▶ Stored data

========

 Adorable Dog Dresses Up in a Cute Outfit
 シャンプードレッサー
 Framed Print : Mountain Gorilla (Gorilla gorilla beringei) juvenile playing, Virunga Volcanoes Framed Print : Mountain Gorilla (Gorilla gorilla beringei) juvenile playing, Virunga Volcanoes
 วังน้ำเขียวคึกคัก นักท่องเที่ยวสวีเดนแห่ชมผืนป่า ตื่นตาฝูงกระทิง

========

▶ Prompt
Every line above is to be transcribed exactly, with nothing missed.

▶ Exercise output
 Adorable Dog Dresses Up in a Cute Outfit
 シャンプードレッサー
 Framed Print : Mountain Gorilla (Gorilla gorilla beringei) juvenile playing, Virunga Volcanoes Framed Print : Mountain Gorilla (Gorilla gorilla beringei) juvenile playing, Virunga Volcanoes
 วังน้ำเขียวคึกคัก นักท่องเที่ยวสวีเดนแห่ชมผืนป่า ตื่นตาฝูงกระทิง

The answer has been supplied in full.